Requirement:
Go through the material below and copy each line exactly.

Available data:
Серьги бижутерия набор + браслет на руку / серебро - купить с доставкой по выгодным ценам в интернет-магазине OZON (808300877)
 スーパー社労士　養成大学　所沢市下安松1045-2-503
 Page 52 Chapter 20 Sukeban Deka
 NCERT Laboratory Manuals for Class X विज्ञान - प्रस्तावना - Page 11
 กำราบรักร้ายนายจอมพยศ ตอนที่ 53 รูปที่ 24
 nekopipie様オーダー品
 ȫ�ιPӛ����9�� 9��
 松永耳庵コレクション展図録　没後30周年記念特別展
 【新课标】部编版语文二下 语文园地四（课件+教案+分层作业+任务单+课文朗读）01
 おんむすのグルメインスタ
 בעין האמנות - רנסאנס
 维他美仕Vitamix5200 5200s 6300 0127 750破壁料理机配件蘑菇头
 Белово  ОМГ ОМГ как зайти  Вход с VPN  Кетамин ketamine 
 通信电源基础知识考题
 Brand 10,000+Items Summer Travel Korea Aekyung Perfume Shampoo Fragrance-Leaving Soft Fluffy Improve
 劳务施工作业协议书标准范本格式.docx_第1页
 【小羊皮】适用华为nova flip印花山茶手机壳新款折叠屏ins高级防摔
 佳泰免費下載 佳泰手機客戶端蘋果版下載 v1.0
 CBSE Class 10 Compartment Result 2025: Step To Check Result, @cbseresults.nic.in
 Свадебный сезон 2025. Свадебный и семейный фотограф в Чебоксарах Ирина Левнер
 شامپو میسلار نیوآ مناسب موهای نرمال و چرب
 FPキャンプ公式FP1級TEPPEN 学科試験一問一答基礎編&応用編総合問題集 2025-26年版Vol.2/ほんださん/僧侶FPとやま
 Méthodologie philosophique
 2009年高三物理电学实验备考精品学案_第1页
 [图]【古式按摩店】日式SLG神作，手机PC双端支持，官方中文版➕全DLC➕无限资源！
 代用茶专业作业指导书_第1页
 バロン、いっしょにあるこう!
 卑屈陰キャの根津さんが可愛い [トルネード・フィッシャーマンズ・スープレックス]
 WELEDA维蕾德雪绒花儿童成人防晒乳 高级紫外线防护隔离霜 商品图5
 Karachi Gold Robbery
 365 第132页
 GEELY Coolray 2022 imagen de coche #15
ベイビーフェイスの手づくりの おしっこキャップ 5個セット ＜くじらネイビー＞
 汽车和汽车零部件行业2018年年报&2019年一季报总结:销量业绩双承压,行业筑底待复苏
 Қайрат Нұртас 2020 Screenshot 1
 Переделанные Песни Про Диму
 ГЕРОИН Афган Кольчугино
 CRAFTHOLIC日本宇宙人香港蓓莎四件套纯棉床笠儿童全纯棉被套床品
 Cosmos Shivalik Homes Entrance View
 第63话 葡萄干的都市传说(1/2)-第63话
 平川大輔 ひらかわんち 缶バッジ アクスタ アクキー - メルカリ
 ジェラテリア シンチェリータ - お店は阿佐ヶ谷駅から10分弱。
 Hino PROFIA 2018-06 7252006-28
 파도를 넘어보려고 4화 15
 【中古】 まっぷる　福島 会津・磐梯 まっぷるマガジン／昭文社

Answer area:
Серьги бижутерия набор + браслет на руку / серебро - купить с доставкой по выгодным ценам в интернет-магазине OZON (808300877)
 スーパー社労士　養成大学　所沢市下安松1045-2-503
 Page 52 Chapter 20 Sukeban Deka
 NCERT Laboratory Manuals for Class X विज्ञान - प्रस्तावना - Page 11
 กำราบรักร้ายนายจอมพยศ ตอนที่ 53 รูปที่ 24
 nekopipie様オーダー品
 ȫ�ιPӛ����9�� 9��
 松永耳庵コレクション展図録　没後30周年記念特別展
 【新课标】部编版语文二下 语文园地四（课件+教案+分层作业+任务单+课文朗读）01
 おんむすのグルメインスタ
 בעין האמנות - רנסאנס
 维他美仕Vitamix5200 5200s 6300 0127 750破壁料理机配件蘑菇头
 Белово  ОМГ ОМГ как зайти  Вход с VPN  Кетамин ketamine 
 通信电源基础知识考题
 Brand 10,000+Items Summer Travel Korea Aekyung Perfume Shampoo Fragrance-Leaving Soft Fluffy Improve
 劳务施工作业协议书标准范本格式.docx_第1页
 【小羊皮】适用华为nova flip印花山茶手机壳新款折叠屏ins高级防摔
 佳泰免費下載 佳泰手機客戶端蘋果版下載 v1.0
 CBSE Class 10 Compartment Result 2025: Step To Check Result, @cbseresults.nic.in
 Свадебный сезон 2025. Свадебный и семейный фотограф в Чебоксарах Ирина Левнер
 شامپو میسلار نیوآ مناسب موهای نرمال و چرب
 FPキャンプ公式FP1級TEPPEN 学科試験一問一答基礎編&応用編総合問題集 2025-26年版Vol.2/ほんださん/僧侶FPとやま
 Méthodologie philosophique
 2009年高三物理电学实验备考精品学案_第1页
 [图]【古式按摩店】日式SLG神作，手机PC双端支持，官方中文版➕全DLC➕无限资源！
 代用茶专业作业指导书_第1页
 バロン、いっしょにあるこう!
 卑屈陰キャの根津さんが可愛い [トルネード・フィッシャーマンズ・スープレックス]
 WELEDA维蕾德雪绒花儿童成人防晒乳 高级紫外线防护隔离霜 商品图5
 Karachi Gold Robbery
 365 第132页
 GEELY Coolray 2022 imagen de coche #15
ベイビーフェイスの手づくりの おしっこキャップ 5個セット ＜くじらネイビー＞
 汽车和汽车零部件行业2018年年报&2019年一季报总结:销量业绩双承压,行业筑底待复苏
 Қайрат Нұртас 2020 Screenshot 1
 Переделанные Песни Про Диму
 ГЕРОИН Афган Кольчугино
 CRAFTHOLIC日本宇宙人香港蓓莎四件套纯棉床笠儿童全纯棉被套床品
 Cosmos Shivalik Homes Entrance View
 第63话 葡萄干的都市传说(1/2)-第63话
 平川大輔 ひらかわんち 缶バッジ アクスタ アクキー - メルカリ
 ジェラテリア シンチェリータ - お店は阿佐ヶ谷駅から10分弱。
 Hino PROFIA 2018-06 7252006-28
 파도를 넘어보려고 4화 15
 【中古】 まっぷる　福島 会津・磐梯 まっぷるマガジン／昭文社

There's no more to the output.